In my Unilever days, for example, we initially offered our startup partners mentorship from experienced marketers. It seemed logical: we were the world's second largest advertiser. But we quickly learned that the majority of startups were run by experienced professionals (the average age of a successful startup founder is 45). Our partners weren't in need of mentorship; they were in need of our business.
More interestingly, we learned that startups could typically teach us far more than we could ever hope to teach them.
What, we wondered, might happen if we ended our charitable mindset?
What startups can offer corporates
When corporates move away from charitable mindsets and start to think about what they can gain from startups, well, that’s when partnerships become far more exciting and prosperous – for both startups and corporates alike.
So, what can corporates gain from startups?
For corporates, innovating is tough. It’s expensive, it’s risky and it takes time. Startups, however, are already nurturing disruptive new ideas. In many ways, startups are self-contained innovation hubs free from restrictive corporate guidelines.
In a new era of growth, startups are becoming the answer to corporate innovation.
Going beyond innovation, there’s also a strong business case for partnering with startups. Unsurprisingly, when Co:cubed highlight potential relationships to our corporate clients, the conversation rarely veers far from financial return on investment. Payback from partnerships is typically weeks or months, rather than years. Startup technology generally delivers solutions to our corporate partners at half the cost of traditional ways of working and creates new growth opportunities, too.

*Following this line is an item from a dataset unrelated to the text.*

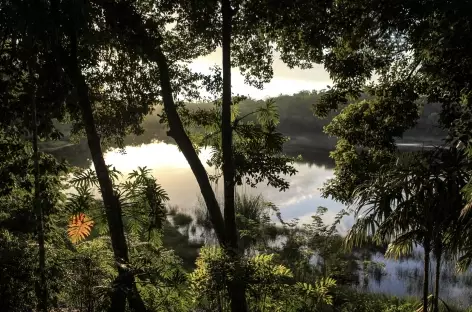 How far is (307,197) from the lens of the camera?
23.4 meters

The corporates benefiting from startup collaborations
As soon as forward-thinking innovation leaders remove their philanthropic coats, corporate-startup relationships morph. Instead of corporates handing out fatherly advice that startups nod along to then ignore, you get two true partners pedaling towards a unified goal.
Corporates get cost-effective and low-risk innovation. And startups get what they really want: a corporate customer that can help them scale.

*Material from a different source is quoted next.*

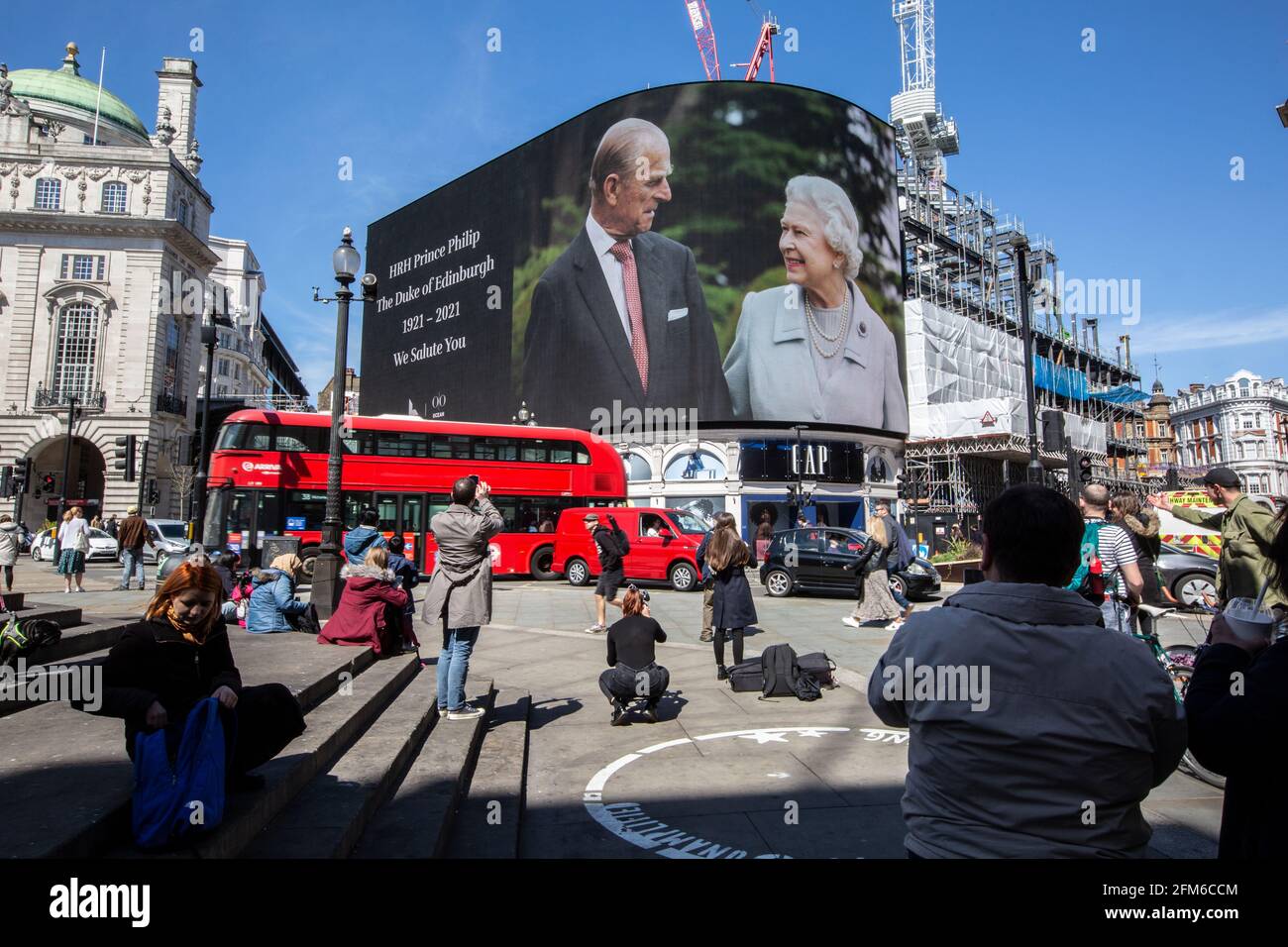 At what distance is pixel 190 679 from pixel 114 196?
166 ft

Unilever, Diageo and Vodafone are among the corporates who have already switched to the new way of thinking – the latter securing partnerships with multiple startups following a series of workshops we ran with their top 250 leaders.
The Go-Ahead Group is another fine example. As part of a Co:cubed directed programme, the FTSE 250 public transport provider is currently sharing its business challenges with 10 startups, who are in turn customising their technologies and amending their product roadmaps with the intention of solving them. The relationship couldn't be more different than a traditional corporate accelerator yet, from both parties’ perspectives, it’s set to be more rewarding.

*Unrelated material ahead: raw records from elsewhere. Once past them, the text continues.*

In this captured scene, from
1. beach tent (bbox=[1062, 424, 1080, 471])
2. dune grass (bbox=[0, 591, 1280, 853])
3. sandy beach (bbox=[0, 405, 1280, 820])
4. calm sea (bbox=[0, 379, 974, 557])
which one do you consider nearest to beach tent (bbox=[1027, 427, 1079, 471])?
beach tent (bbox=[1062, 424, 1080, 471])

The power balance has shifted
While many corporates still view startups as underdeveloped and lacking in resource, research suggests startups are beginning to think otherwise. In a post-Uber, post-AirBnB world, startups know corporates aren’t necessarily essential to their success… and are already becoming selective about who they choose to work with. Startups naturally want to partner with companies where they can add the most value. Being vulnerable and open with your corporate challenges is the first step to fruitful collaboration.
By thinking about startup collaborations differently, corporates can unlock profitable opportunities and safeguard their businesses from disruption simultaneously. Which is precisely why corporates need to start thinking about what they can gain from startup collaborations, and not just what they can offer.
It’s time to put an end to startup charity.